Rate limits are enforced per organization, not per API key:

# Organization A (Starter plan, API requests)
API Key 1: 30 requests/min
API Key 2: 30 requests/min
Total: 60 requests/min (within 60/min limit) ✅

# Organization A
API Key 1: 50 requests/min
API Key 2: 20 requests/min
Total: 70 requests/min (exceeds 60/min limit) ❌

Rate Limit Headers

Every API response includes rate limit information:

Response Headers

X-RateLimit-Limit: 60
X-RateLimit-Remaining: 47
X-RateLimit-Reset: 1697624400
X-RateLimit-Window: 60

Header Descriptions:

X-RateLimit-Limit: Maximum requests allowed in window (API or Chat, depending on endpoint)
X-RateLimit-Remaining: Requests remaining in current window
X-RateLimit-Reset: Unix timestamp when limit resets
X-RateLimit-Window: Window size in seconds (60 for per-minute, 3600 for per-hour)

Example Usage

import requests
from datetime import datetime

response = requests.post(url, headers=headers)

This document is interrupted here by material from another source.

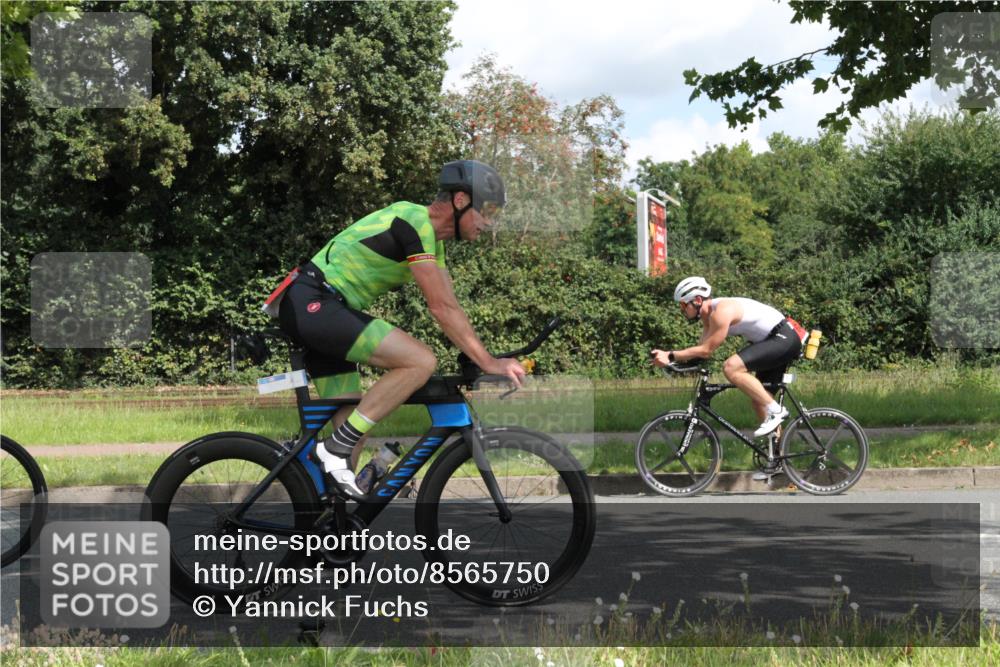 10.08.2025 - GEWOBA Citytriathlon Bremen Yannick Fuchs http://msf.ph/oto/8565750 10.08.2025 12:10:31 Radfahren 629, 644, 647, 656, 710, 712, 722, 730, 755, 819, 889, 1014 meine-sportfotos.de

limit = int(response.headers.get('X-RateLimit-Limit'))
remaining = int(response.headers.get('X-RateLimit-Remaining'))
reset = int(response.headers.get('X-RateLimit-Reset'))

print(f"Rate limit: {remaining}/{limit}")
print(f"Resets at: {datetime.fromtimestamp(reset)}")

if remaining < 10:
    print("⚠️ Approaching rate limit!")

Handling Rate Limits

429 Too Many Requests

When rate limit is exceeded, API returns:

{
  "detail": "Rate limit exceeded",
  "retry_after": 45,
  "limit": 100,
  "window": "1 minute"
}

Response Headers:

HTTP/1.1 429 Too Many Requests
Retry-After: 45
X-RateLimit-Limit: 60
X-RateLimit-Remaining: 0
X-RateLimit-Reset: 1697624445

Retry Logic

Basic Retry

import time
import requests

def make_request():
    response = requests.post(url, headers=headers, json=data)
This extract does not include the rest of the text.